*** Block opens ***
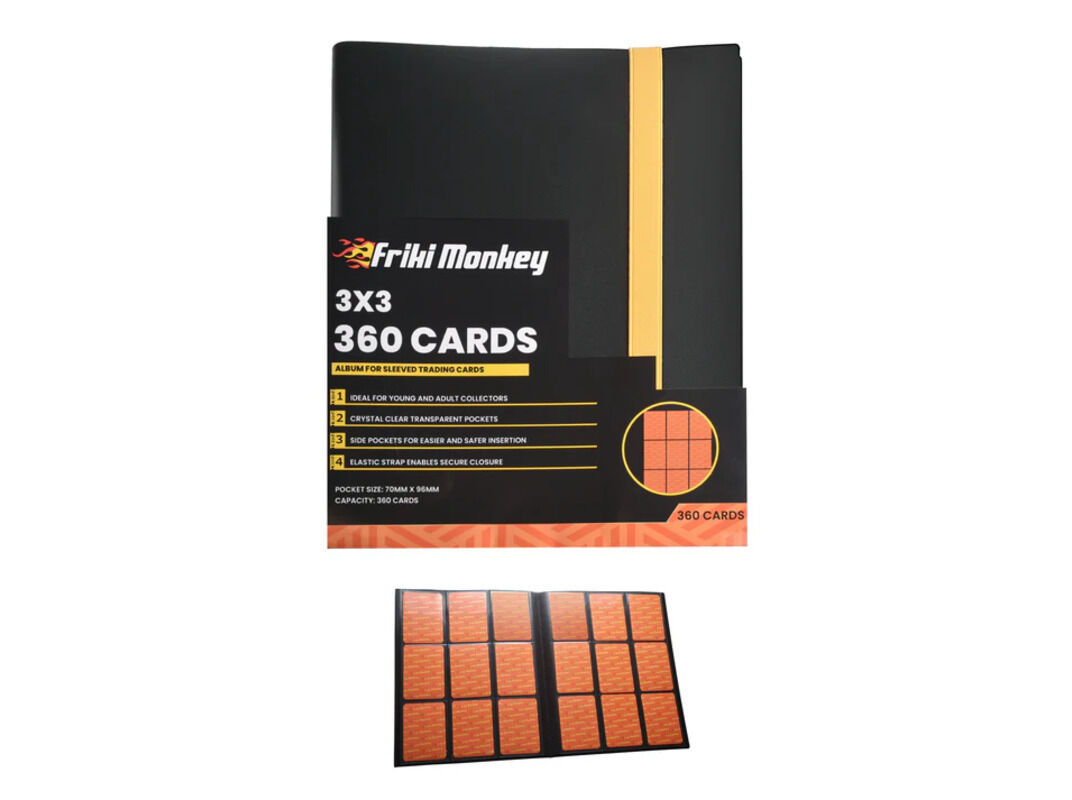 &Aacute;LBUM PROTETOR 360 CARTAS image number 0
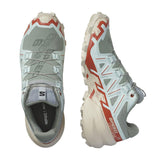 Salomon - Donna Speedcross 6 W Lily Pad / Rainy Day Bleached Aqua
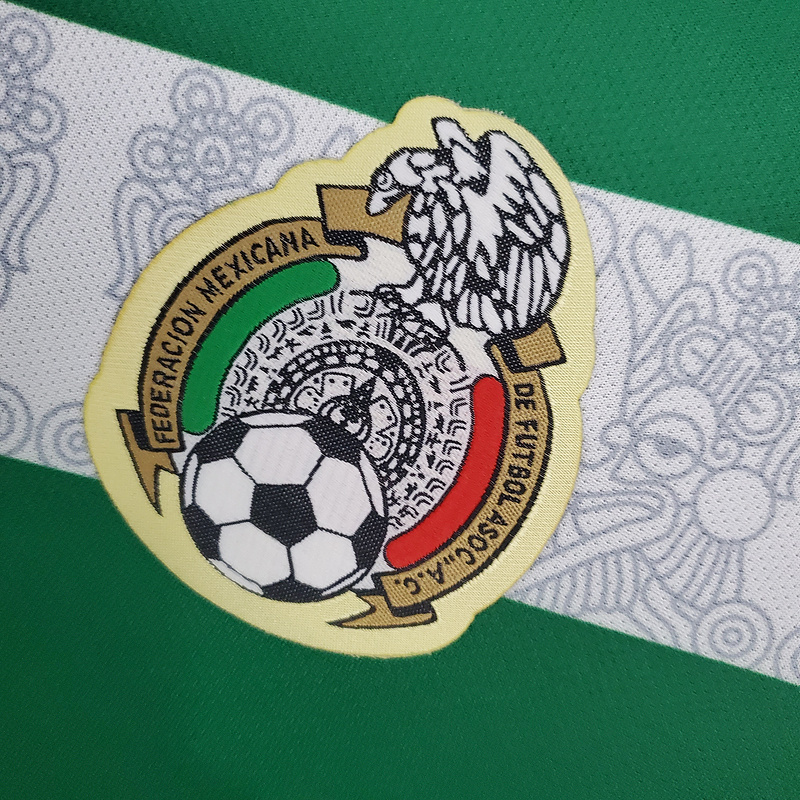 Retro 2006 Mexico Home Football jersey retro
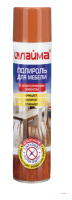 LAIMA Полироль для мебели Антипыль с воском и антистатиком, 300 мл/12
*** Block closes ***
Assignment: Pictures do not belong in the copy. Repeat exactly each line from the one with "Retro 2006 Mexico Home Football jersey retro" through the end of the listing.

Exercise solution:
 Retro 2006 Mexico Home Football jersey retro
 LAIMA Полироль для мебели Антипыль с воском и антистатиком, 300 мл/12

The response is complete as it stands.